By Shuki Greer, Esq.

The security camera footage has been watched thousands of times. Breaking in through a skylight in the ceiling, dropping a ladder down, and methodologically getting away with dozens of bags of finished product. The video clearly shows that this was a professional job carried out by serious criminals. The estimated value stolen was over $1M, meaning an estimated tax revenue loss for Oregon of about $230,000. The culprits remain at large, and they may never be found.

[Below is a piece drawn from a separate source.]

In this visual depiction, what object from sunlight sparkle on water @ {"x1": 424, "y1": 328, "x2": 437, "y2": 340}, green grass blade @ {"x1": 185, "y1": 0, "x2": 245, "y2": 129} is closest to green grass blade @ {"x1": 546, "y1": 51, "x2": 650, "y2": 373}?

This isn’t the only incident either. A quick internet search highlights several other high-profile incidents, with varying degrees of professionalism, danger, and dollars lost. While each of these incidents have differences, they all share something in common. The legal industry is known for having large amounts of cash on hand, surplus product lying around, with varying amounts of security in place. The industry is susceptible to these kind of targeted robberies, a fact which is unlikely to change in the near future.
Why is this the case? The answer starts with the fact that cannabis remains illegal at the federal level. The government classifies cannabis as a Schedule 1 drug, meaning it is considered to have no medical benefit and a high potential for abuse. Because that is the case, financial institutions have been hesitant to open accounts and do business with MRBs (Marijuana Related Businesses), because they fear financial penalties, asset forfeiture, as well as civil and criminal repercussions.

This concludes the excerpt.